When in 1964 a call came from a state civil rights leader urging Fannie Lou Hamer to run for Congress, she wasn't afraid to jump at the offer, Charles McLaurin, her former colleague in the movement, recalled Thursday.
"I told Fannie Lou what he said, and all she said was, 'When are we going?'"
After all, what did she have to fear? Already, the fiery Ruleville woman had registered hundreds of black voters, was beaten for her efforts and led the Mississippi Freedom Democratic Party to the national party's 1964 convention in Atlantic City.
McLaurin, then-Sunflower County coordinator for the Student Nonviolent Coordinating Committee (SNCC), was the scared one. He hesitated when Hamer asked him to be her campaign manager.
He tells it this way: "I said, 'Fannie Lou, I don't know anything about managing a campaign.' And she said, 'McLaurin, put your name on this paper.' She said, 'McLaurin, you know as much about managing a campaign as I know about running for Congress.'"
That story and others about the civil rights beacon - some of them humorous, some heartbreaking - came out Thursday during the Fannie Lou Hamer Conference at Mississippi Valley State University.
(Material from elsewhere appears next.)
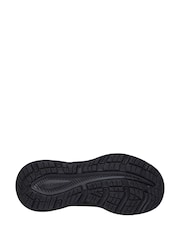 Skechers Black Edgeride Rekze Trainers - Image 4 of 4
The two-day event, hosted by MVSU's Delta Research and Culture Institute, continues at 9 a.m. today and will go on through the afternoon.
Hamer didn't win in 1964 - her name wasn't allowed on the ballot - but it was such blind faith and an indomitable spirit that made her a heroine of the grassroots push for voter registration during the civil rights movement, a group of former civil rights activists said Thursday.
"Fannie Lou Hamer created an atmosphere in which we could live - in which we could live, survive, grow and develop," said Hattiesburg native Victoria Gray Adams, who worked alongside Hamer to get blacks on the voter rolls.
But Adams and others at the conference Thursday said the basic liberties Hamer fought to secure are under siege now more than ever, and the younger generations must resume her struggle to protect them. Students from Valley, Ole Miss and Rust College attended the event.
Adams told them the Bush administration, under the guise of national security, is increasingly infringing upon liberties guaranteed by the Constitution. "We are living in the most dangerous time I know of because we have an administration that is committed, committed, committed to turning the clock back, and they're doing it on a daily basis."
Such warnings about the state of affairs on the second anniversary of the terrorist attacks on the World Trade Center and the Pentagon were mixed with nostalgia for Hamer.
Margaret Block, whose brother Sam Block registered black voters in Greenwood, shared some of the freedom songs Hamer used to belt out, including "Go Tell It on the Mountain" and "This Little Light of Mine."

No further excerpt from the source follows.